Voltage drop is a term that we hear about all the time in the surveillance industry. While many people talk about it and use the charts and calculators provided by different sources, I think a smaller amount of people fully understand the physics behind it. Today I want to give a quick review of the ideas behind voltage drop and then some practical tips for installing security cameras or any other equipment.

Voltage Drop for CCTV
Voltage Drop for CCTV

Equation

Here is the equation for Voltage Drop:

Voltage drop=( 2 * (length of run in ft.) * (resistance factor) *(current load in Amps))/1000

The length of the run is pretty simple; it is how long the cable is between the camera and the power supply.
The resistance factor is determined by the low voltage wire used and there is a chart in the NEC Chapter 9, Table 8 (rule of thumb, thinner wire will have higher resistance).
The current will be defined by the camera and will be found on the spec sheet.

Voltage Drop Example (300mA Security Camera)

Here is a quick example:  200 ft. run, 18 Gauge wire, 300mA camera
VD=2 *(200)*7.7 Ω *.3A/1000
VD=.924 V

Voltage Range

Video surveillance cameras need a certain amount of voltage.  There is normally a range of ±10% of the rated voltage, so for this example we will say that a 12v camera can work in a range of 10.8v up to 13.2v (±10% of 12v is 1.2v).
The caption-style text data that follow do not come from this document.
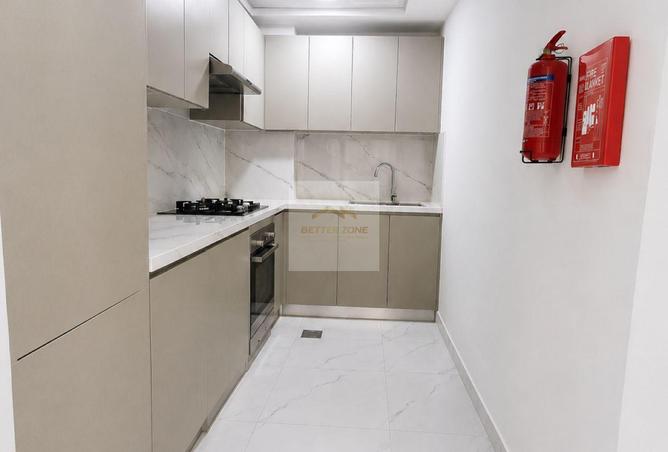 106434593 - Property Image 2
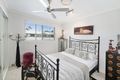 Property photo of 5/299 Weyba Road Noosaville QLD 4566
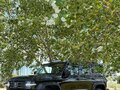 2023 Tank 300 I, чёрный, 3950000 рублей - вид 2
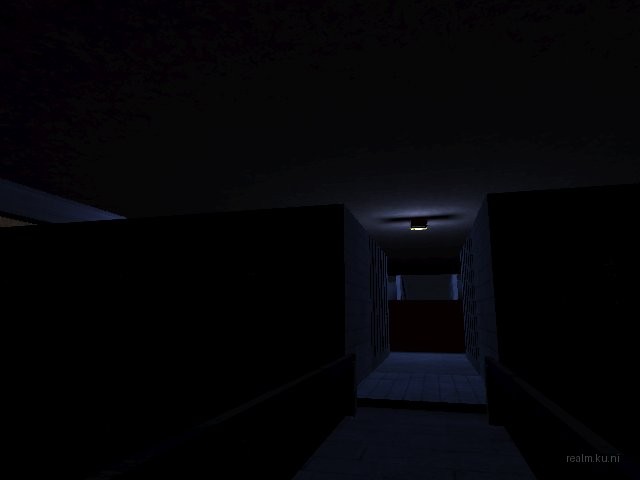 fy_mindsnap_v1 thumb 12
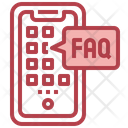 پیش‌نمایش فایل online-support-4152997 از پک کمک و پشتیبانی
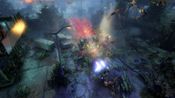 Buy Alienation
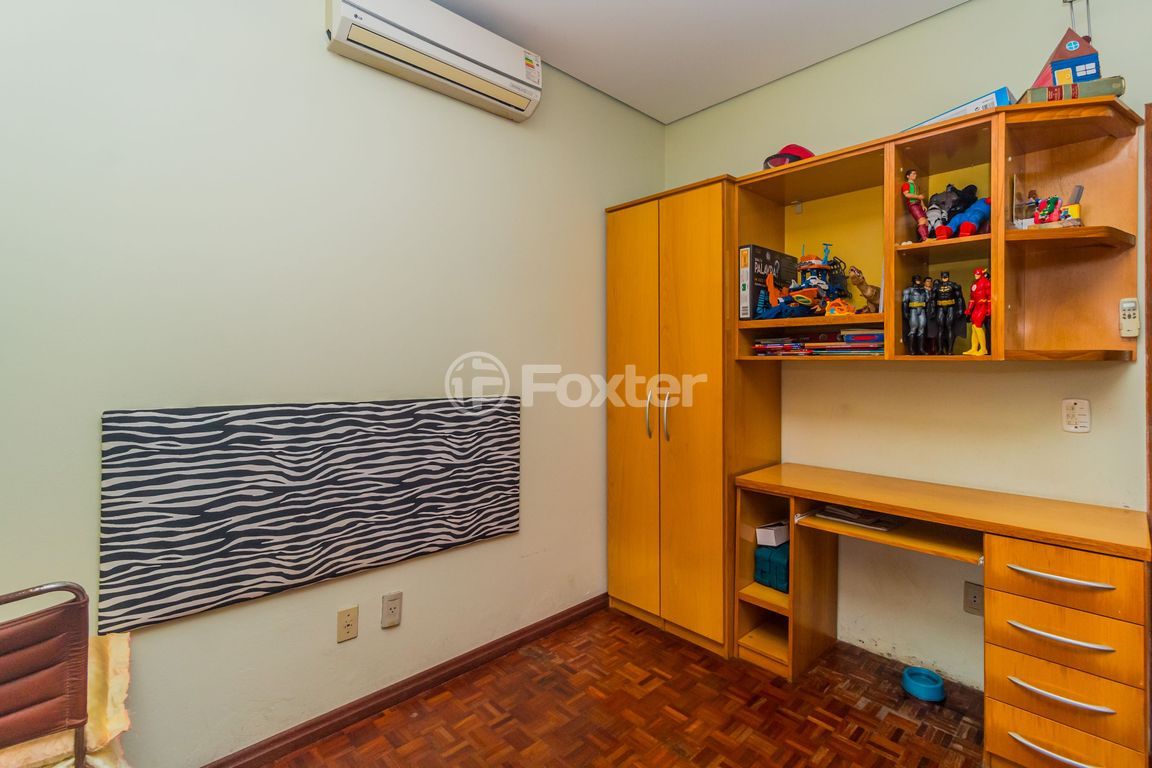 casa sobrado para comprar em Monte Bonito, 148 - foto 20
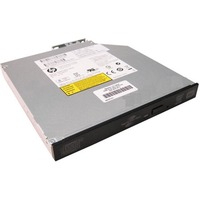 Hp 481429-001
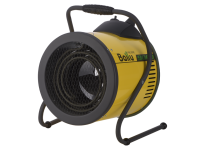 Пушка электрическая «Ballu» 9 кВт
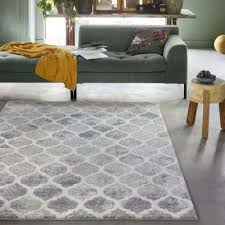 Teppich Grau Baroque Vintage Wecon Home In 2020 Teppich Beige Teppich Grau Diy Deko Schlafzimmer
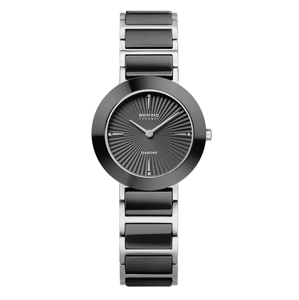 BERING 11429-702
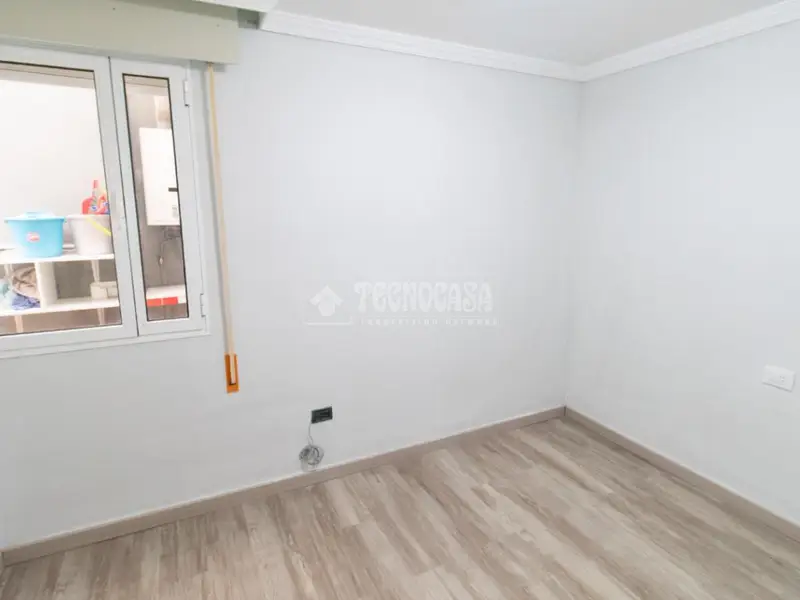 Piso en venta en San Cristóbal De La Laguna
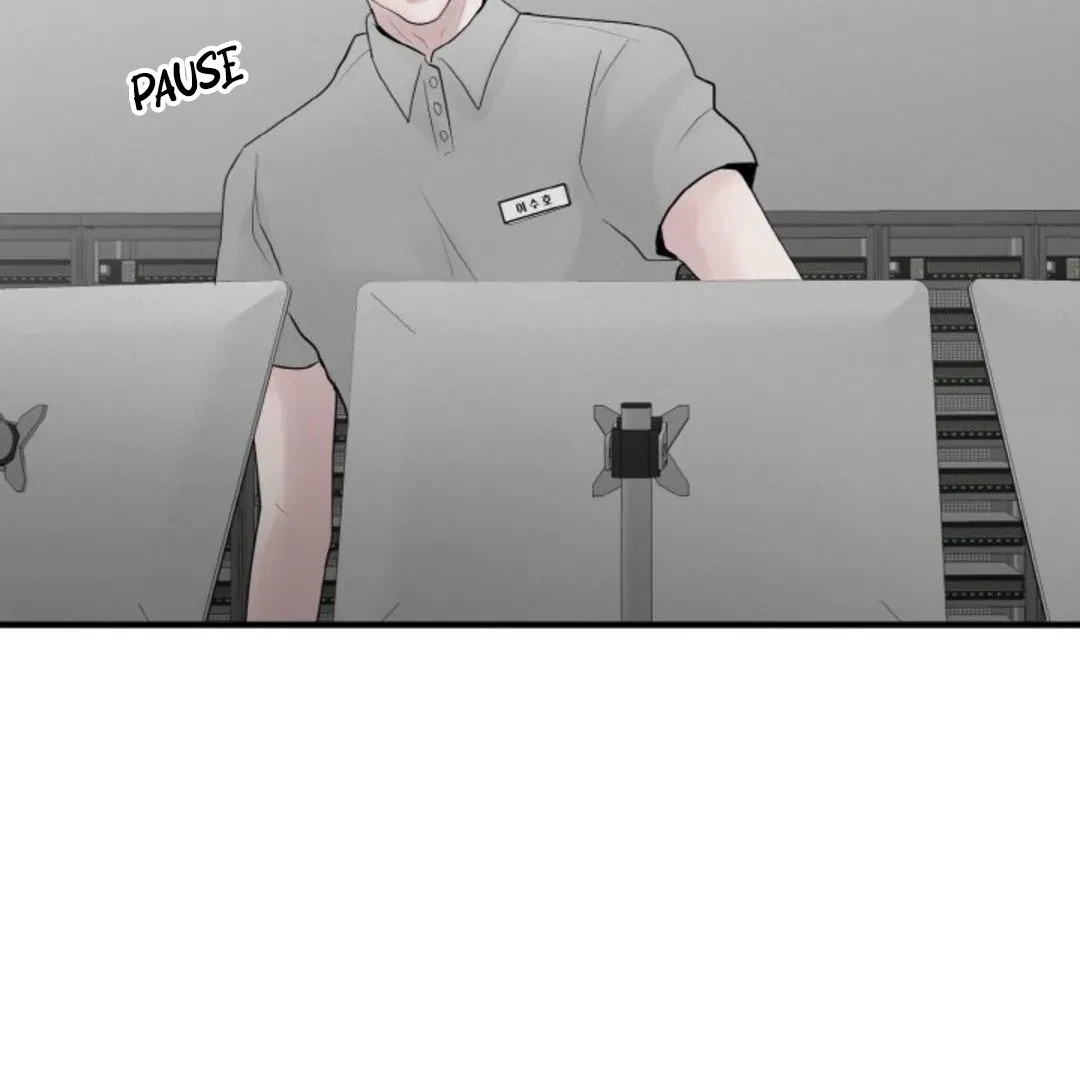 Chapter 13, page 65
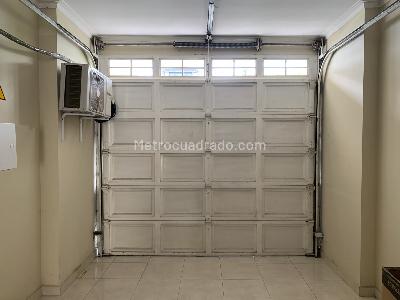 Casa en venta en Urb, Montería · foto 13 de 20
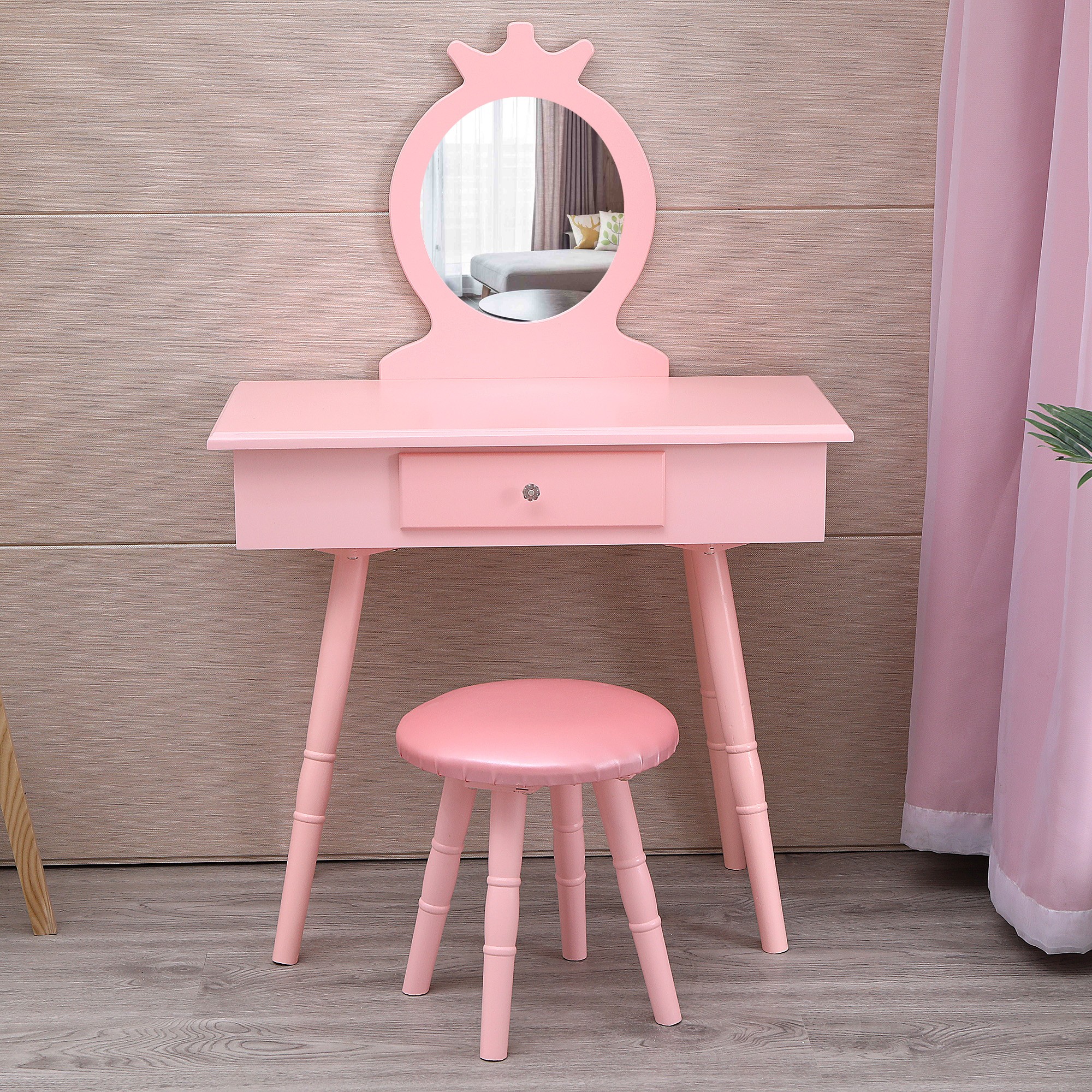 Little Girls Vanity - Ideas on Foter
If a CCTV camera gets too much voltage, it will fry, and too little will not power it on.  So if the power supply is exactly 12V at the source, then it will drop .924V in 200ft and supply the camera with 11.076V, which is in the range of operation.

Voltage Drop

One thing to remember is that the number for the voltage drop is not dependent on the supplied voltage.  So if a 12V camera loses 2 volts, it wouldn’t power on because that is a 17% loss, but if a 24V camera loses 2 volts, it will work because that is only an 8% loss.  So 24V cameras can run farther.

So the final test in for your setup is determining the Voltage percentage drop:

VD%=( VD/Source Voltage)*100

From our example above:
VD%=(.924/12)*100
VD%=7.7% (which is in the range)

Wiring Tips

All of this stuff is neat and I hope that is explains the science behind it all little more. But in real life, you can just download a voltage drop chart or a calculator and use it without having to put a lab coat on.

Just remember:

Longer Run=more Voltage Drop
Thinner wire(higher gauge)=more Voltage Drop
Larger Amps(more powerful camera)=more Voltage Drop
Higher source voltage=Less Voltage Percentage Drop

For Installers

Final point, there are times in which installers have called in because a camera is not working and they claim that the wire is supplying enough volts. The problem with that is that they unplug the camera and connect a Voltmeter to the two wires. The Voltmeter has a very low amp draw, and will show less voltage drop because of that. Once the camera is reintroduced in the circuit, the voltage drop will change, making the measurement ineffective. So we need to run the numbers on paper to determine the drop.